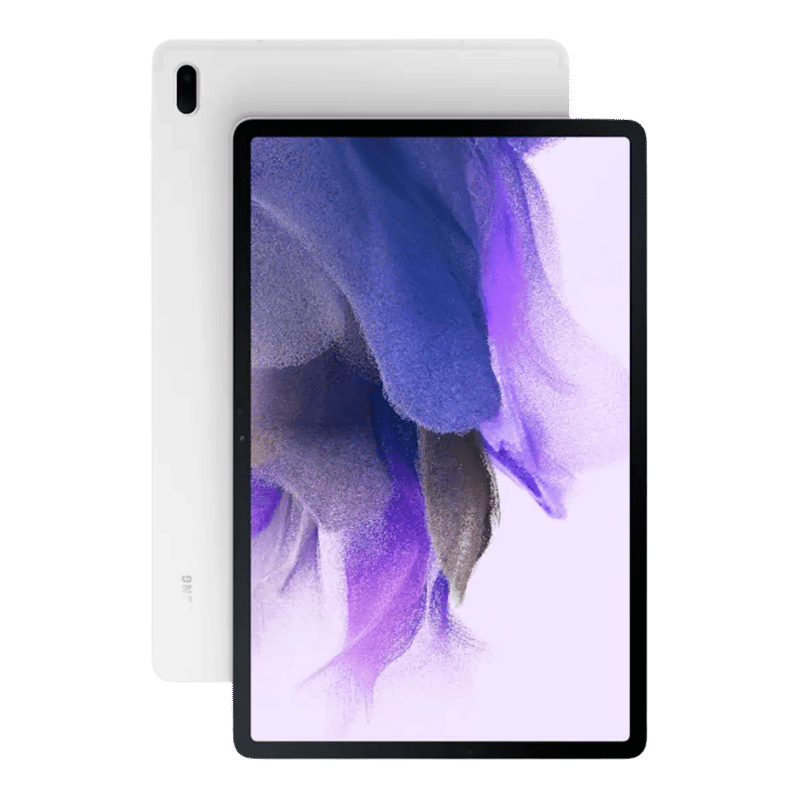 TABLET Samsung S7 FE  SM-T733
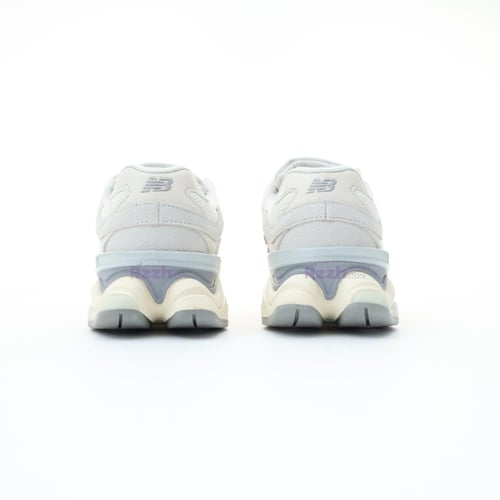 New Balance 9060 Selver Salt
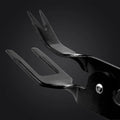 Pince de Retrait d'Agrafes Professionnelle - ClipMaster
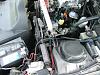 Searched: FD alternator in FC-ebay-075.jpg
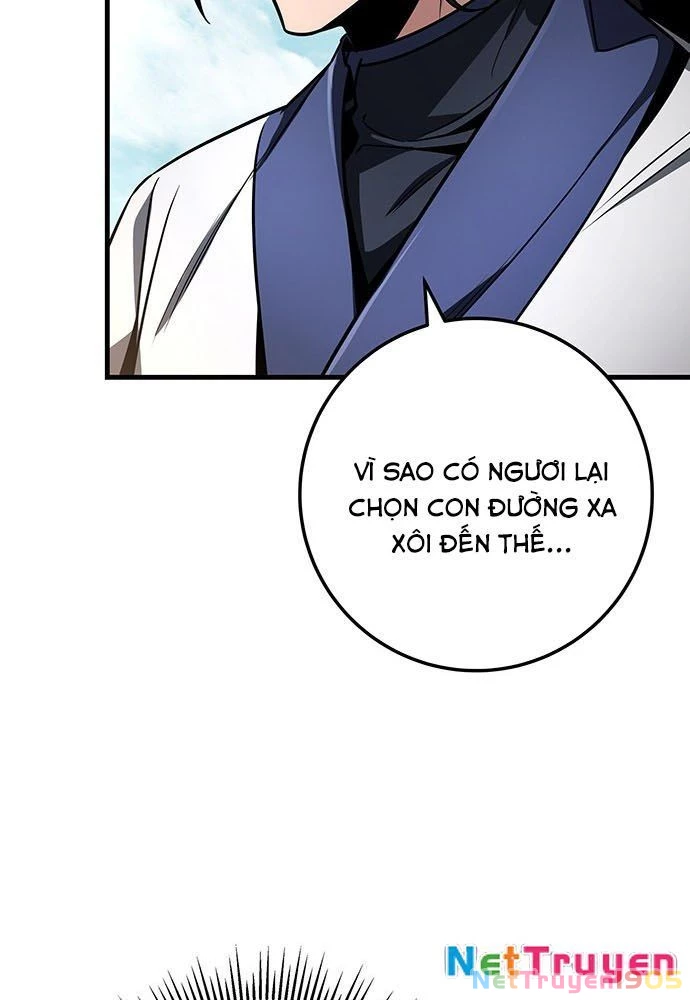 Thanh Kiếm Của Hoàng Đế Chapter 95 - 136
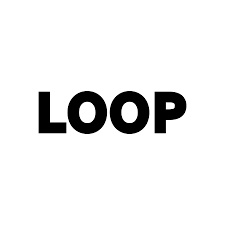 loopinglab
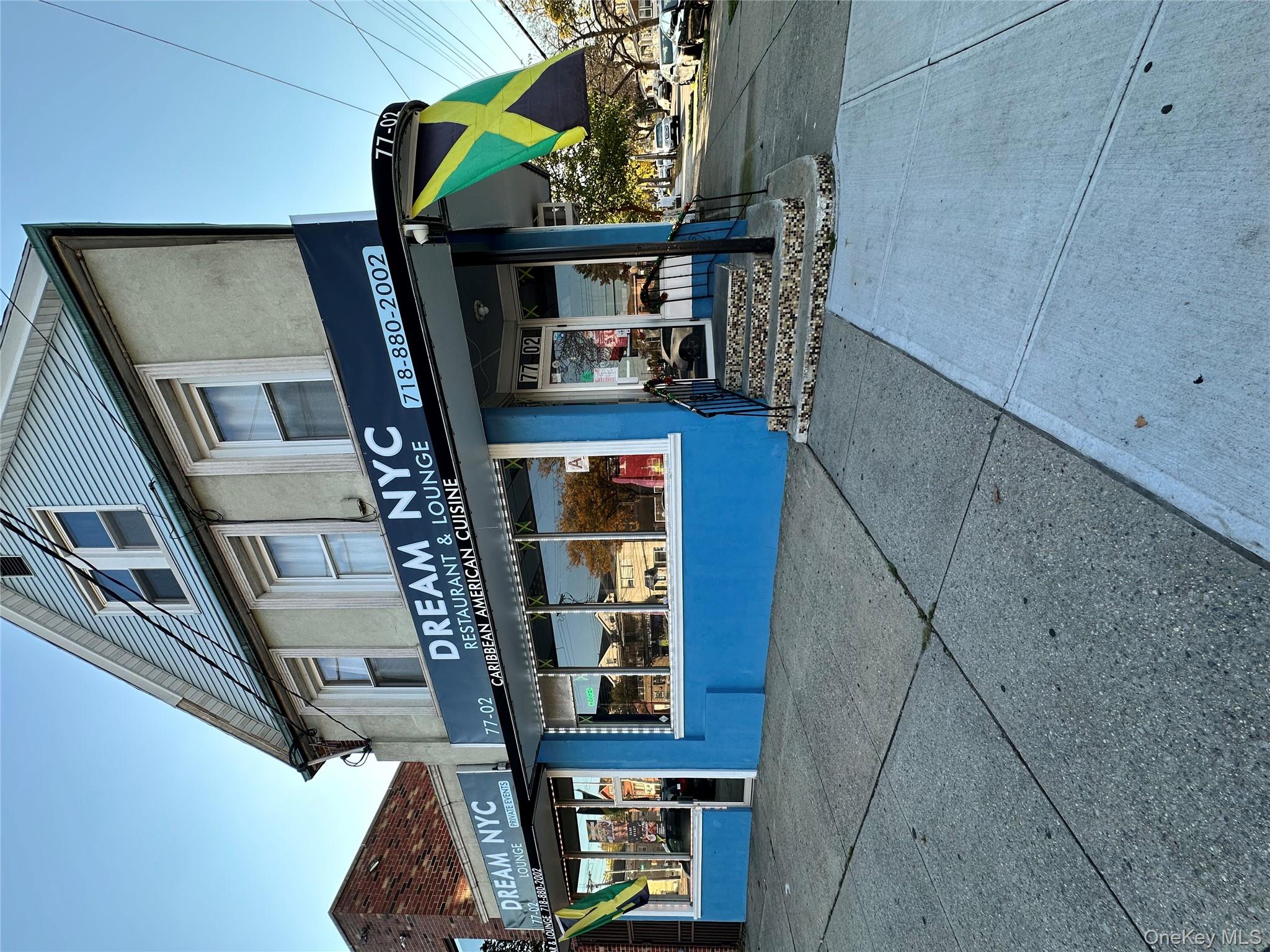 77-02 164 Street, Fresh Meadows, NY 11366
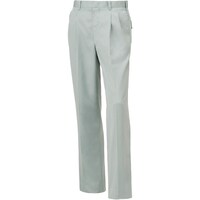 �N���_���}�@�Y�{���@�X���b�N�X�i�c�[�^�b�N�j�@�A�[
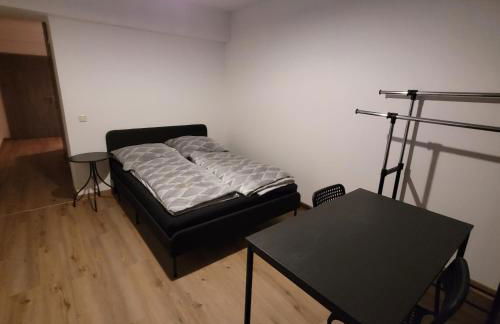 Apartment Neu renoviert Parkplatz - Foto 2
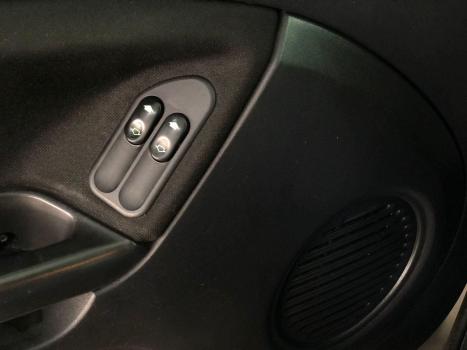 FORD Fiesta Hatch 1.6 4P CLASS FLEX, Foto 12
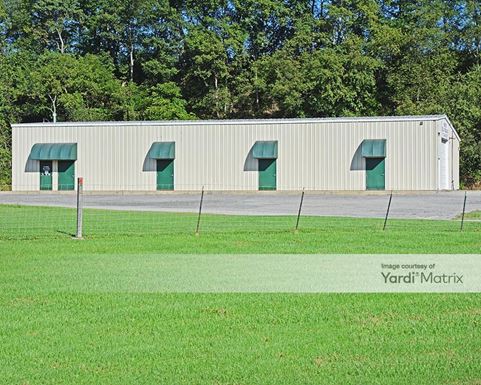 Source URL: https://cdnsc.rentcafe.com/dmslivecafe/3/1076563/1076563-1-4.jpg?width=-1&height=385&quality=80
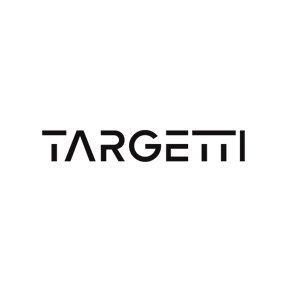 TARGETTI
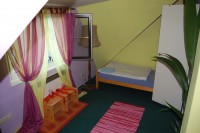 /album/fotogalerie1/dsc-0772-jpg/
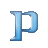 persestech.com icon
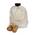 Slowroom Kartoffelsack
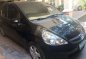 FOR SALE Honda Jazz 2006 Model Black Color-0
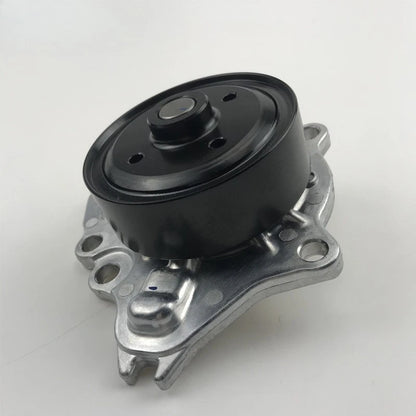 WATER PUMP for LEXUS IS300 NX300 RC300 NX200t RC200t (2015–2023)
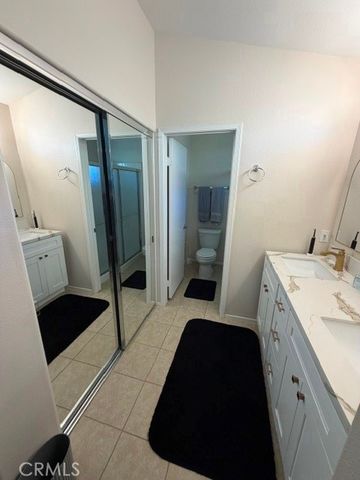 23980 Via Astuto, Murrieta, CA 92562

▶ **TASK DESCRIPTION**
Leave out the pictures and copy everything else in the records word for word.

▶ **TASK RESULT**
 TABLET Samsung S7 FE  SM-T733
 New Balance 9060 Selver Salt
 Pince de Retrait d'Agrafes Professionnelle - ClipMaster
 Searched: FD alternator in FC-ebay-075.jpg
 Thanh Kiếm Của Hoàng Đế Chapter 95 - 136
 loopinglab
 77-02 164 Street, Fresh Meadows, NY 11366
 �N���_���}�@�Y�{���@�X���b�N�X�i�c�[�^�b�N�j�@�A�[
 Apartment Neu renoviert Parkplatz - Foto 2
 FORD Fiesta Hatch 1.6 4P CLASS FLEX, Foto 12
 Source URL: https://cdnsc.rentcafe.com/dmslivecafe/3/1076563/1076563-1-4.jpg?width=-1&height=385&quality=80
 TARGETTI
 /album/fotogalerie1/dsc-0772-jpg/
 persestech.com icon
 Slowroom Kartoffelsack
 FOR SALE Honda Jazz 2006 Model Black Color-0
 WATER PUMP for LEXUS IS300 NX300 RC300 NX200t RC200t (2015–2023)
 23980 Via Astuto, Murrieta, CA 92562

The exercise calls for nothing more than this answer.